President Boris Yeltsin sought to reassure Russia's worried neighbors Saturday after the Communist-led parliament voted to restore the Soviet Union.
Yeltsin ordered the Foreign Ministry to notify nations that the resolution, approved Friday, has no legal standing and does not alter Russia's commitment to its international obligations.He also warned the lower house, or Duma, that it had called its own legitimacy into doubt as well as "the possibility of holding presidential elections."
Communist Party leader Gennady Zyuganov is Yeltsin's main opponent in the June 16 presidential election.
"I will allow no attempts to undermine Russia's statehood and destabilize the country," Yeltsin said in an unusually detailed statement.
Reaction continued to pour in from the former Soviet republics, where the resolution was deplored as a crude Communist election ploy.
"An act of provocation," said Armenian President Levon Ter-Petrosian. "Preposterous and anachronistic," said his neighbor, Georgian President Eduard Shevardnadze, a former Soviet foreign minister.
"It gives you the shivers," Latvian Foreign Minister Valdis Birkavs said, according to the Interfax news agency. "It is a sign of what might happen if the Communists win the presidential election."
Yeltsin was a key figure in the events that hastened the Soviet Union's demise, and the Communists have long condemned him for it.

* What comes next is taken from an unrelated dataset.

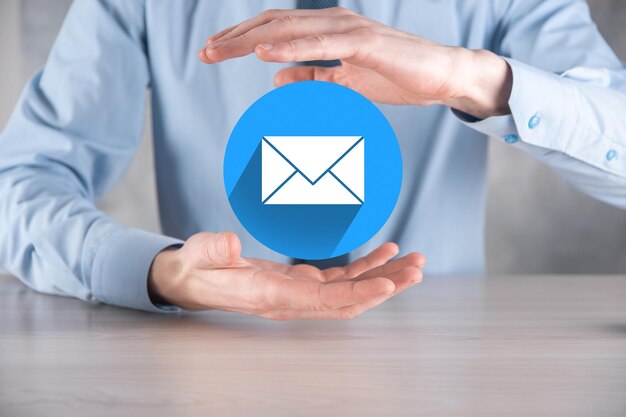 Mão de empresário segurando o ícone de carta, ícones de e-mail. Entre em contato conosco por e-mail de boletim informativo e proteja suas informações pessoais de spam. Call center de atendimento ao cliente entre em contato conosco.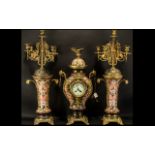 A Three Piece Ormolu Garniture Set, central clock, in pink enamels with floral decoration,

The Duma resolution, passed on a 250-98 vote with heavy support from nationalists, rejected as illegal the December 1991 breakup of the Soviet Union into 15 separate nations.
In language straight out of the Soviet lexicon, speaker Gennady Seleznyov said the Duma is giving Yeltsin a chance to "start the process of his political rehabilitation."
Seleznyov, a Communist, said the measure expresses popular sentiment.